To be very clear, no cats will be harmed in the writing of this post. It’s just that we have to move on from pet cats – projects or platforms that no longer work for us.
Earlier this year, I wrote an article for CMI that asks whether content is a sustainable competitive advantage. In that article, I refer to someone who influences my thinking, Rita Gunther McGrath. In her book The End of Competitive Advantage, McGrath discusses, among other things, the idea that, today, competitive advantage is transient. She encourages businesses to think about moving in and out of “arenas” in order to remain competitive. In short, she argues that it is our ability to adapt and change – not necessarily what we adapt and change into – that gives us a competitive advantage.
I’m thinking about this again this week after talking with some people at a large enterprise about their content platform strategy. Over the last 18 months, this company has embraced a few initiatives related to content-driven customer experiences. One was a separate blog and social program developed to educate technical buyers around a new product and approach that, 18 months later, was no longer new. They had dedicated a well-heeled team to this approach, including two technical writers, a content strategist, a social media “community manager,” and an editor. There was only one problem.

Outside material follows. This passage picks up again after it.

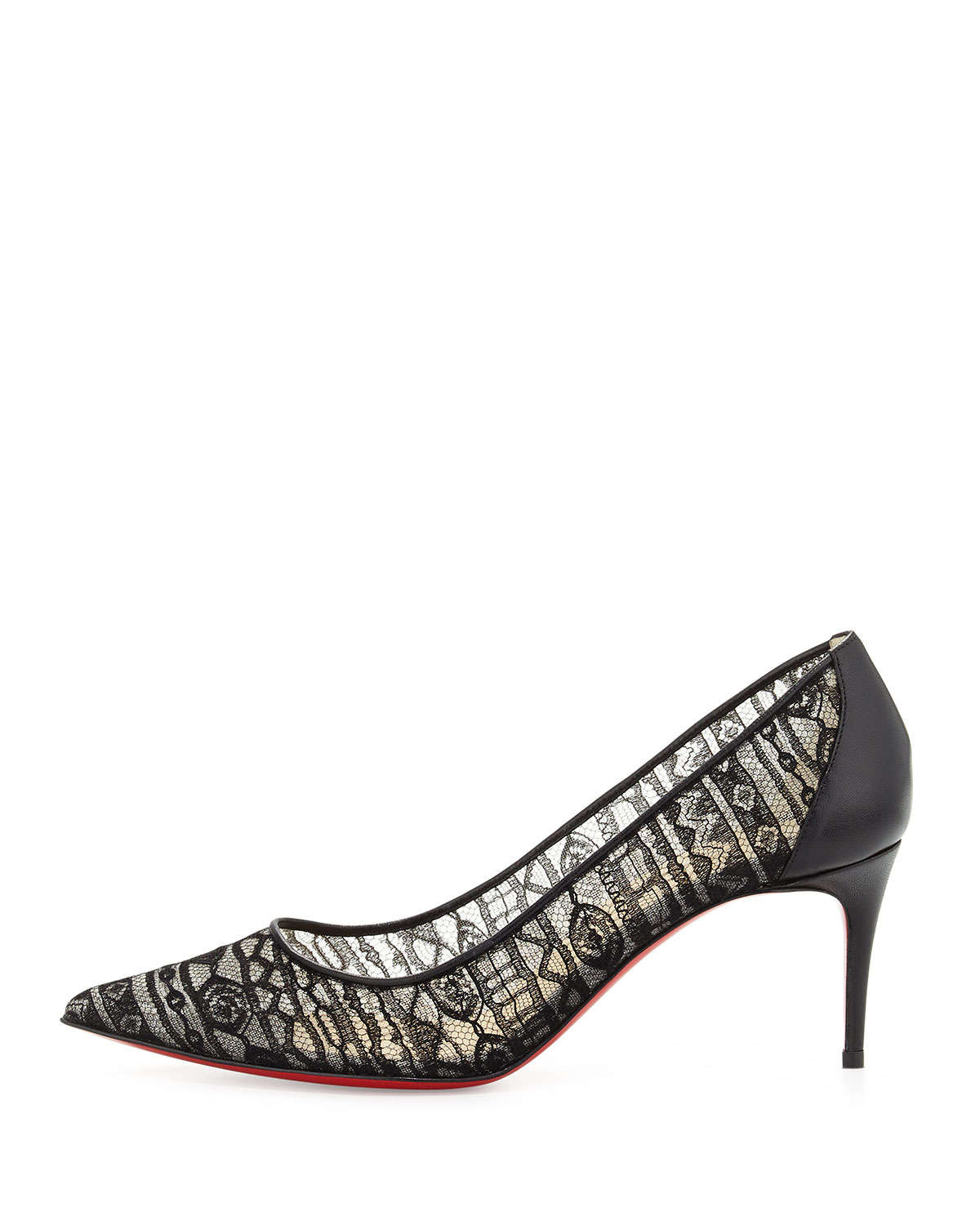 Christian louboutin Saramor Lace Red Sole Pump in Black (red) | Lyst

It wasn’t working any more.
The platform wasn’t attracting new subscribers. The content was adequate, but more and more of it was being used in other areas of the business. The traffic and purpose of the whole platform had become unclear. Further, the company needed more resources for another innovative content-driven idea.
VP: “How do I make a business case for adding headcount for this new idea?”
Me: “Why not just kill the blog and pivot the people working on it to work on this new idea?”
VP: “Ohhhh, we can’t do that. Those folks are on the VP of E-Business’ team. If we move them, he loses that project and the people on it. He won’t give them up.”
Me: “So the business is going to hire unproven people for the innovative thing and keep the skilled, proven people on the antiquated, unproductive thing?”
That old blog is a pet cat. It has to go.
Not every content platform we stand up succeeds. And not every successful content platform succeeds forever. We often talk about our need to stand up new content platforms in an agile and flexible way. Heck, look at the home page of every enterprise content management platform. This the overt promise of all of them. But just as important is our ability, when appropriate, to dismantle and disassemble those platforms and to recycle, reuse, and reintegrate important bits of that content back into the business.
A scalable strategy – one that provides a sustainable competitive advantage – doesn’t always mean building and adding. It can mean unbuilding and subtracting too. Removing things.
Like the cats that have roamed the halls for too long.